▸ Exercise details
Starting from the line containing "photo 5 of Howard Johnson Inn Clifton Nj", give again every line through the end of the entries, word for word. Pictures stay out of the copy.

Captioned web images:

+ + + + +

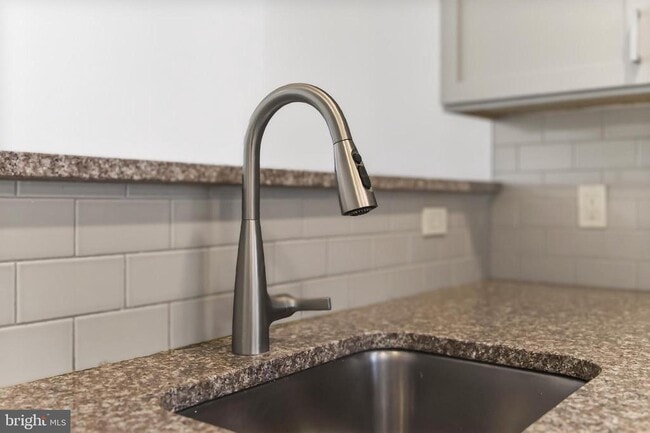 Building Photo - 1407 N Van Dorn St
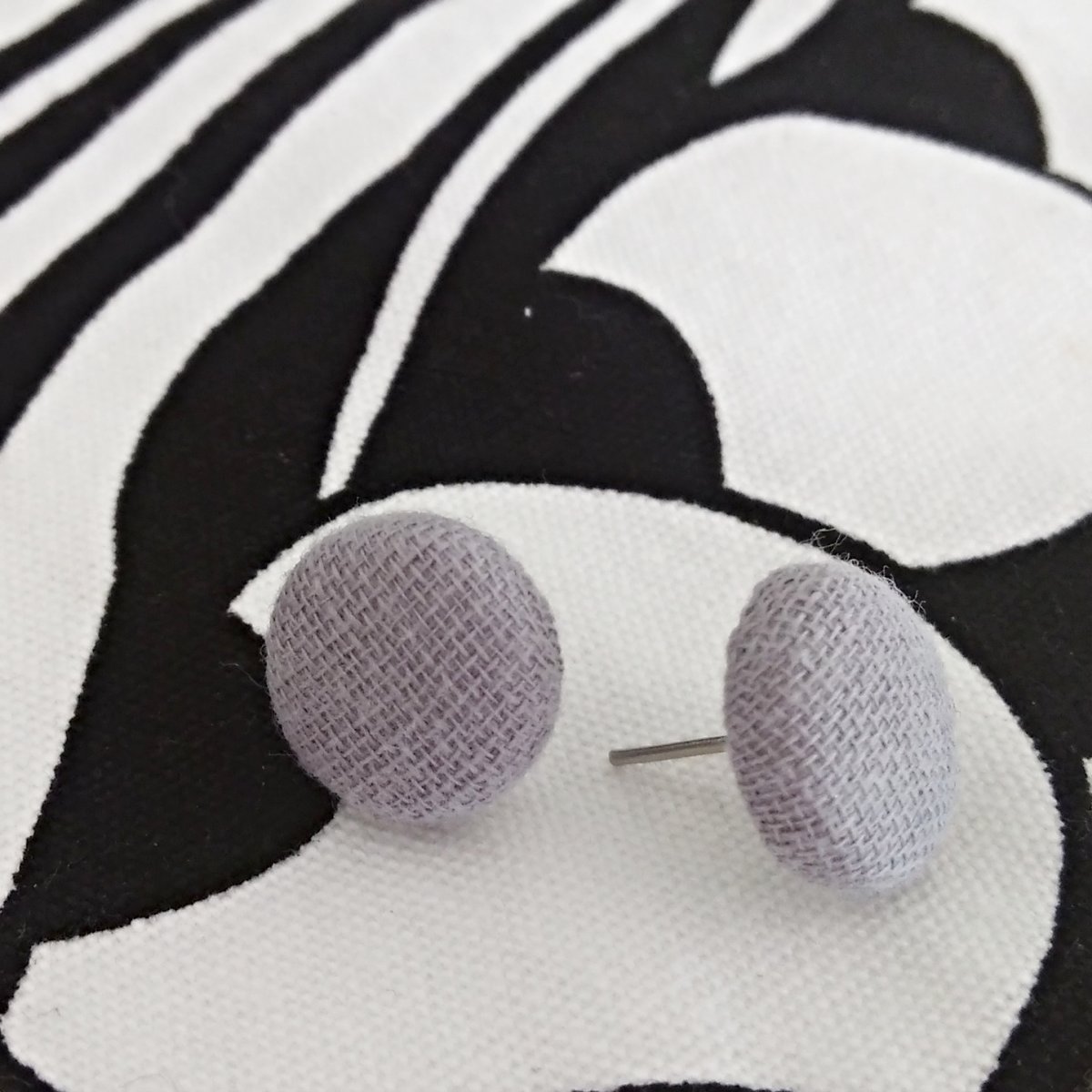 Světle šedé – buttonkové náušnice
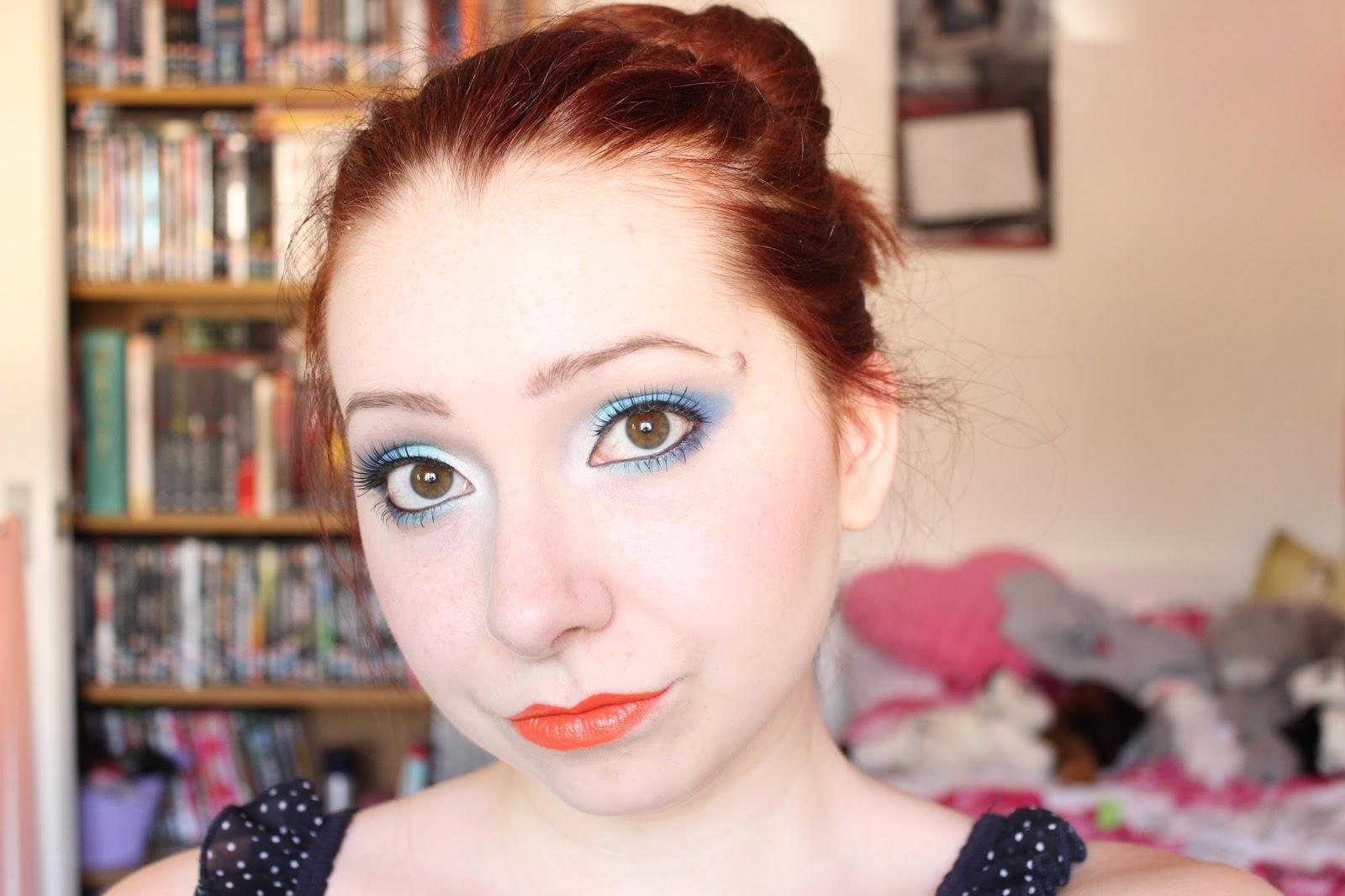 Makeup: Blue Eyes & Orange Lips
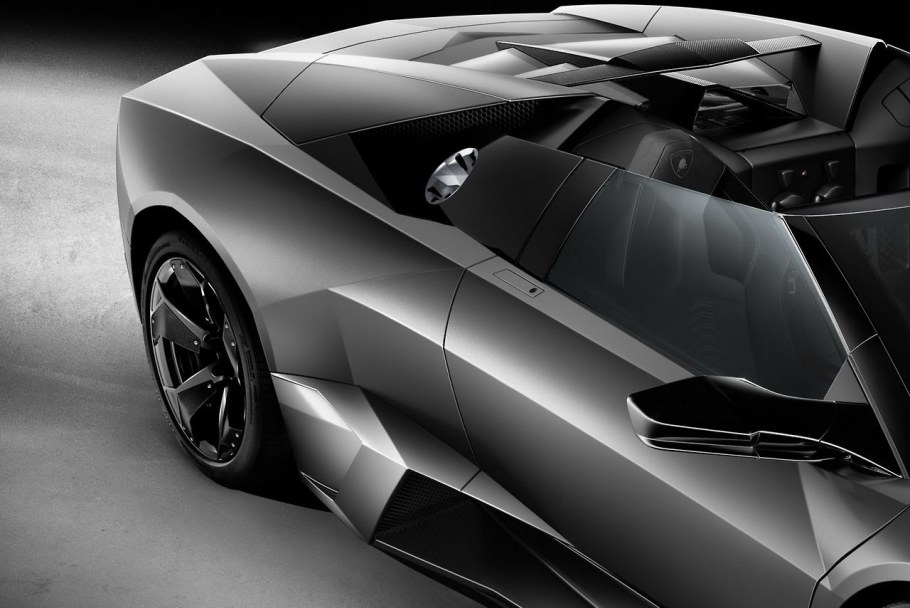 Ламборджини Reventon Roadster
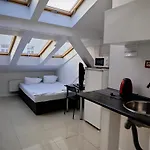 Hoza Attic * Varsavia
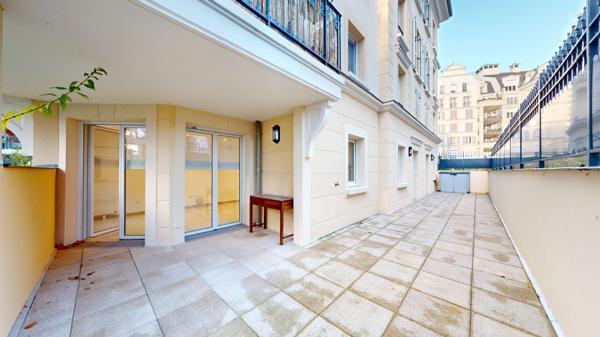 Appartement A LOUER - Le Plessis Robinson 4 pièce(s) 82.73 m2 + Terrasse de 46m²
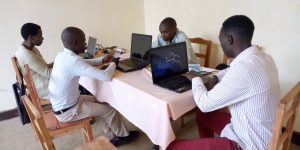 Burundi :  Computer Engineering Space et le marché des TIC à GITEGA ( Photo : IkirihoECO 2018 )
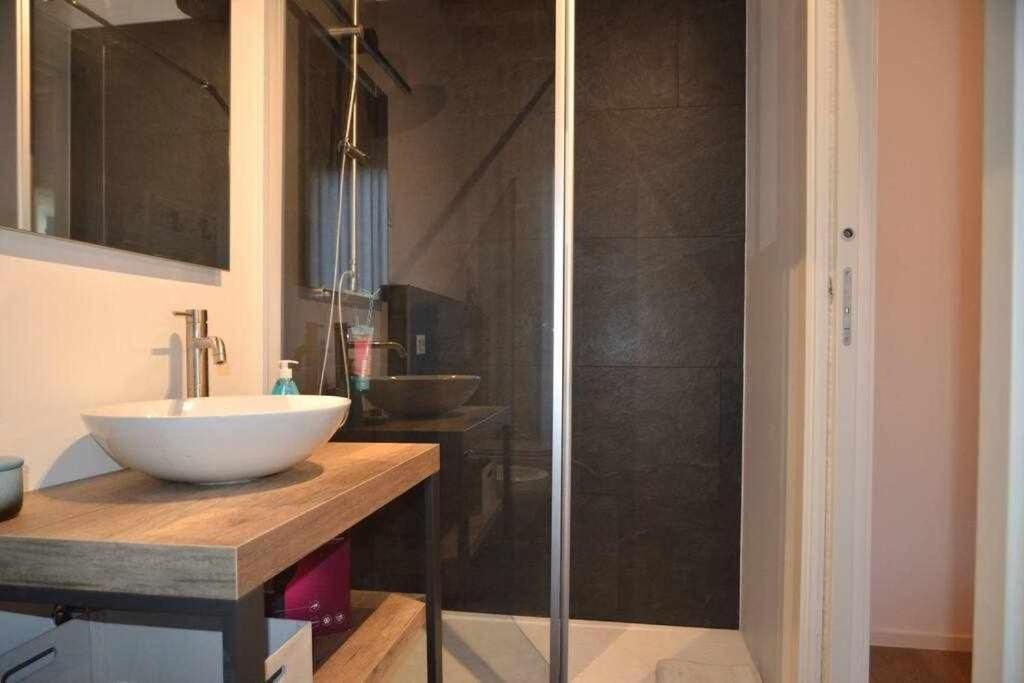 Ca Matta Luxury And Relax Apartment โนอาเล ภายนอก รูปภาพ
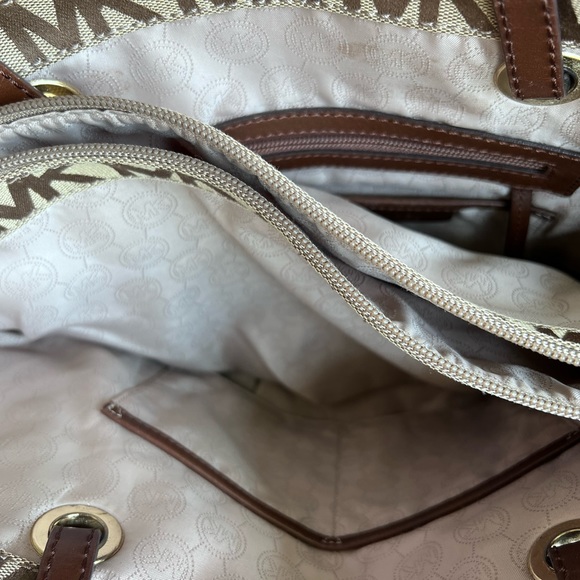 Michael Kors Jet Set Monogram Tote Brown leather straps - Picture 13 of 13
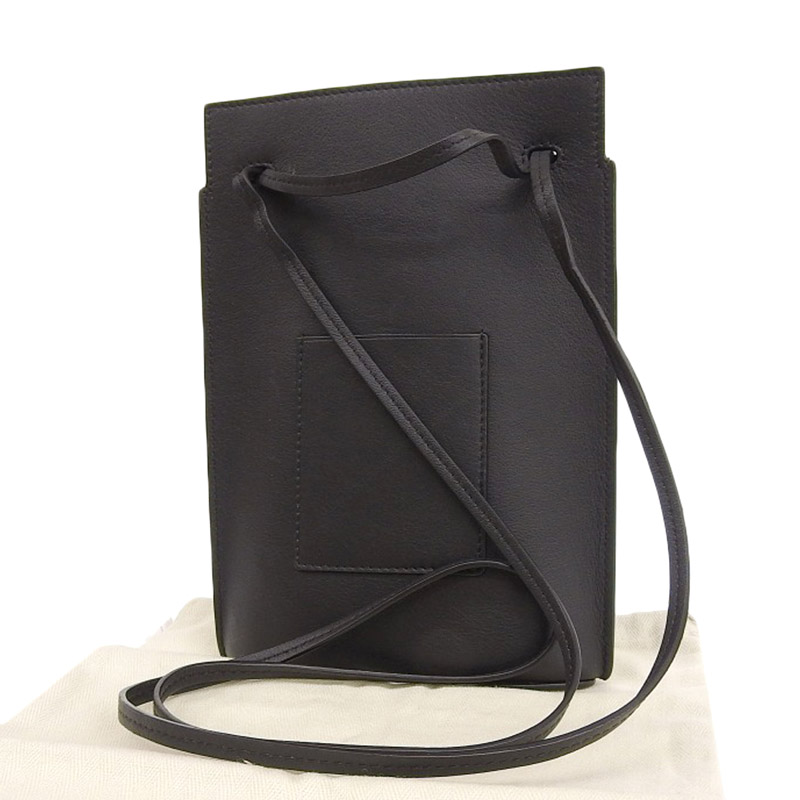 http://ロエベ%20LOEWE%20ダイスポケット%20ショルダーバッグ%20レザー%20ブラック%20C630R12X01%20中古%20OB1703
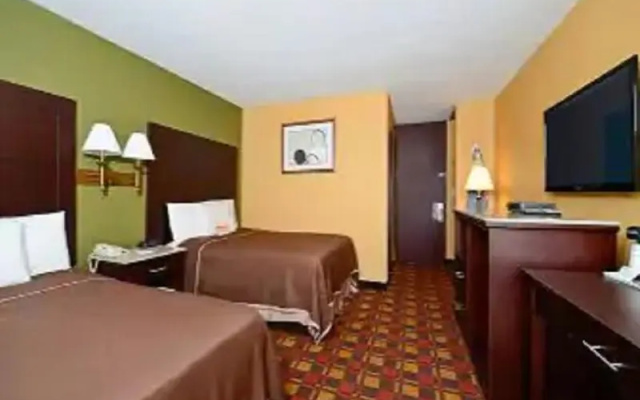 photo 5 of Howard Johnson Inn Clifton Nj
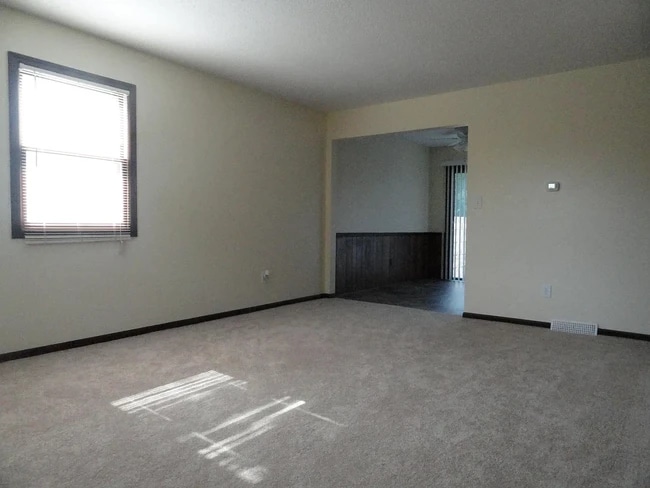 Photo - 2512 Ridgefield Dr NE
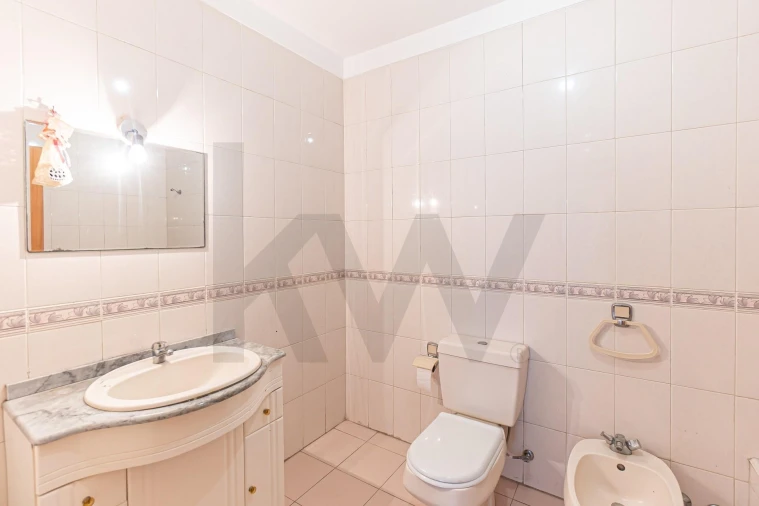 Apartamento T2 para Venda em Mafamude e Vilar do Paraíso Foto 11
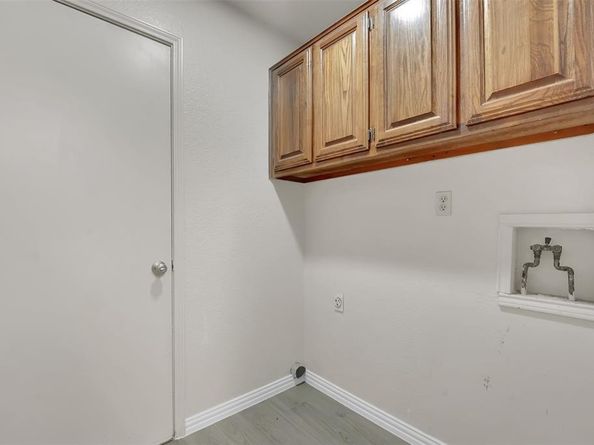 411 S Las Vegas Trail , White Settlement Texas 76108
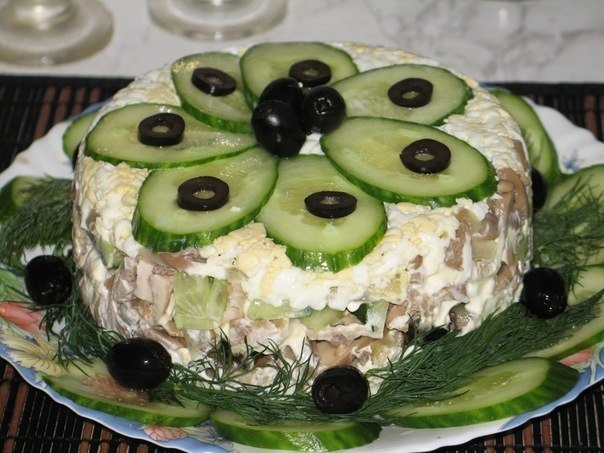 "Салат "Меркурий" Ингредиенты: - чернослив 10-15 штук, - курица вареная 300-400 гр., ...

+ + + + +

▸ Task answer
 photo 5 of Howard Johnson Inn Clifton Nj
 Photo - 2512 Ridgefield Dr NE
 Apartamento T2 para Venda em Mafamude e Vilar do Paraíso Foto 11
 411 S Las Vegas Trail , White Settlement Texas 76108
 "Салат "Меркурий" Ингредиенты: - чернослив 10-15 штук, - курица вареная 300-400 гр., ...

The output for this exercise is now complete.